Data Sharing Across Compute Environments - Amazon SageMaker Unified Studio

Data Sharing Across Compute Environments

Amazon SageMaker Unified Studio provides magic commands to facilitate data sharing across different compute environments. This section outlines three key commands: %push, %pop, and %send_to_remote.

%push

The %push command allows you to upload specified variables to your project's shared S3 storage within Amazon SageMaker Unified Studio.

%push <var_name> %push <var_name1>,<var_name2> %push -v <var_name> %push -v <var_name> --namespace <namespace_name>

Key Features:

  • Supports multiple variable uploads when comma-separated

  • -v specifies the variable name (alternative syntax)

  • Optional --namespace argument (defaults to kernel ID)

  • Uploaded variables are accessible to all project members

Supported Connections:

  • Local Python connections

  • AWS Glue connections

  • AWS EMR connections

Supported Language: Python

%pop

The %pop command enables you to download specified variables from shared project Amazon S3 storage to your current compute environment.

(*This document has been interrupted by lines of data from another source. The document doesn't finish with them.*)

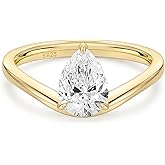 EAMTI 1.5CT 925 Sterling Silver Engagement Rings for Women Oval Cut CZ Bands Solitaire Cubic Zirconia Curved Wedding Promise Gold Rings for Her Size 4-10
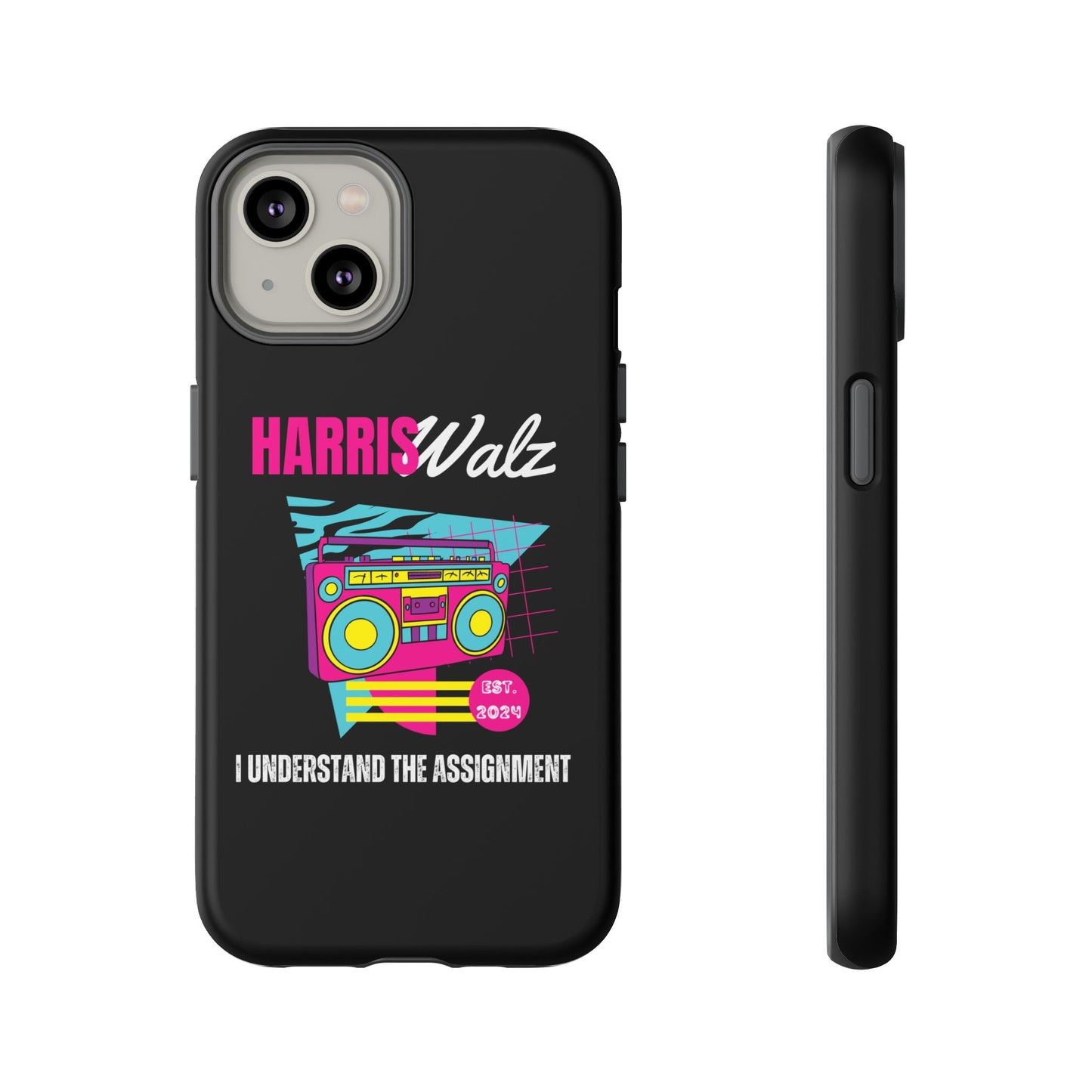 90s Inspired Harris Walz Phone Case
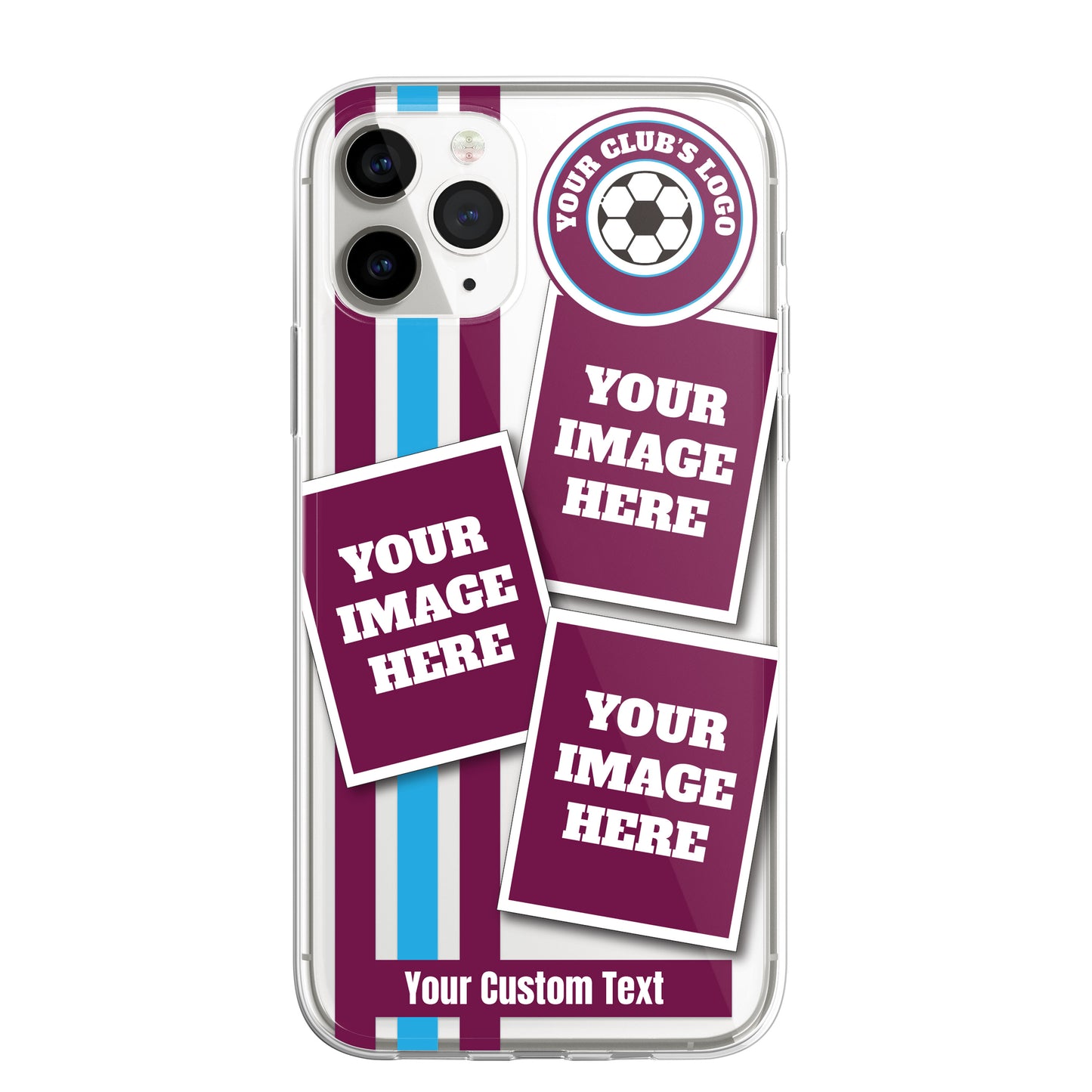 Personalised Football Phone Case Cover Custom for iPhone 14 13 Pro Max Mini Plus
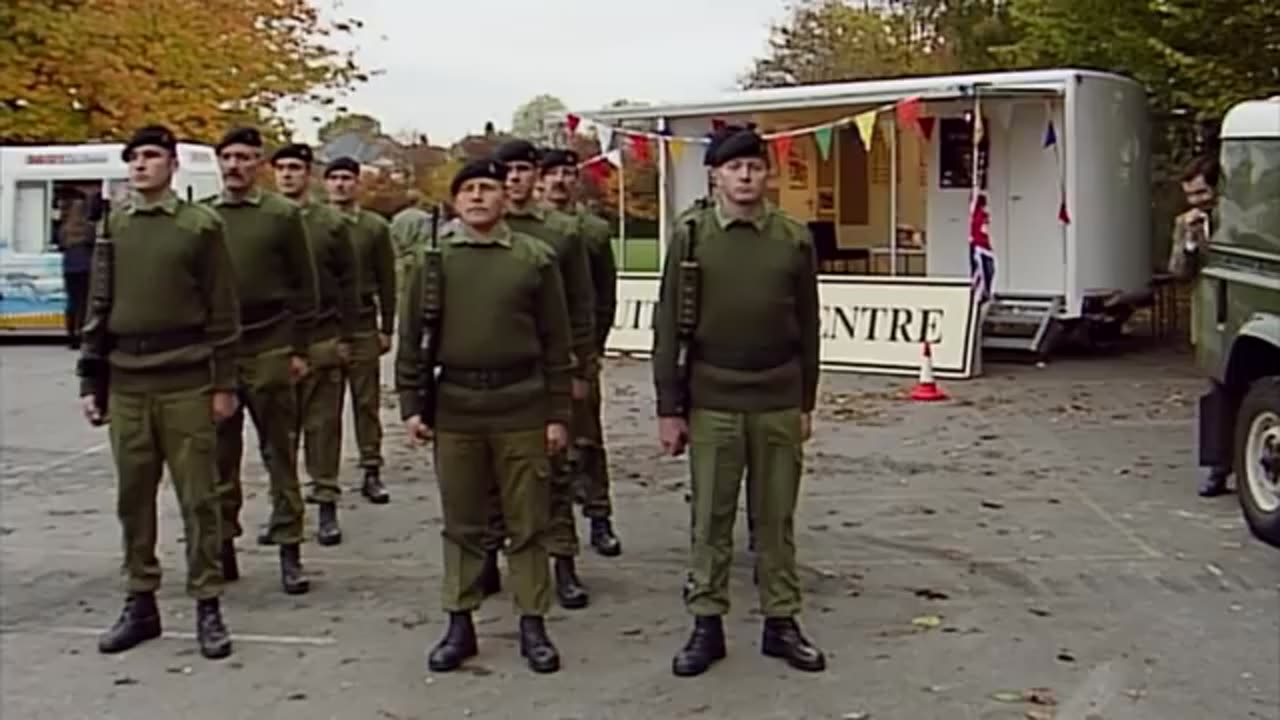 Mr bean with Army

%pop <var_name> %pop <var_name1>,<var_name2> %pop -v <var_name> %pop -v <var_name> --namespace <namespace_name>

Key Features:

  • Supports multiple variable downloads when comma-separated

  • -v specifies the variable name (alternative syntax)

  • Optional --namespace argument (defaults to kernel ID)

Supported Connections:

  • Local Python connections

  • AWS Glue connections

  • AWS EMR connections

Supported Language: Python

%send_to_remote

The %send_to_remote command allows you to send a variable from the local kernel to a remote compute environment.

%send_to_remote --name <connection_name> --language <language> --local <local_variable_name> --remote <remote_variable_name>

Key Features:

  • Supports both Python and Scala in remote environments

  • Python remote supports dict, df, and str data types

  • Scala remote supports df and str data types

Arguments:

  • -l or --language: Specifies the connection language

  • -n or --name: Specifies the connection to be used

  • --local: Defines the local variable name

  • --remote or -r: Defines the remote variable name

Supported Connections: local Python connections

Supported Language:

  • Python

  • Scala

Security considerations

Remember that variables uploaded using %push are accessible to all project members within your Amazon SageMaker Unified Studio project. Ensure that sensitive data is handled appropriately and in compliance with your organization's data governance policies.